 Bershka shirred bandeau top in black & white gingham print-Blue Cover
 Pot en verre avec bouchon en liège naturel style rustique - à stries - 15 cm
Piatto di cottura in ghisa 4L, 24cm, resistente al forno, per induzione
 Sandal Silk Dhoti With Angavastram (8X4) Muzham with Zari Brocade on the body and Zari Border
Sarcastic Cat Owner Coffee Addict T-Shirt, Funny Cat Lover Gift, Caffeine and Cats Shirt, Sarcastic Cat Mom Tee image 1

━━━━━━━━━━━━━━━━

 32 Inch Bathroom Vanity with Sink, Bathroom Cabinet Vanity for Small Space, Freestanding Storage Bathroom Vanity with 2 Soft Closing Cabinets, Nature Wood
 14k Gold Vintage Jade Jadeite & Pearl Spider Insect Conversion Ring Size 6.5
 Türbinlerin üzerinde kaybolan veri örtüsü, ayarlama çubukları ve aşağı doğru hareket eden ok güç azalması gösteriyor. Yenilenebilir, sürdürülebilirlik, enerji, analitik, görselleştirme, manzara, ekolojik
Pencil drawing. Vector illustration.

━━━━━━━━━━━━━━━━

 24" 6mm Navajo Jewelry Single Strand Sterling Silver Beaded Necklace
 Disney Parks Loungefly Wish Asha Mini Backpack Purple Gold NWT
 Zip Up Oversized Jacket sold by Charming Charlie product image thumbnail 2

━━━━━━━━━━━━━━━━

## HOW TO COMPLETE THIS TASK
From the data above, output exactly the lines between the one containing "Disney Parks Loungefly" and the one containing "Zip Up Oversized", counting both of them.

## WRITTEN SOLUTION
 Disney Parks Loungefly Wish Asha Mini Backpack Purple Gold NWT
 Zip Up Oversized Jacket sold by Charming Charlie product image thumbnail 2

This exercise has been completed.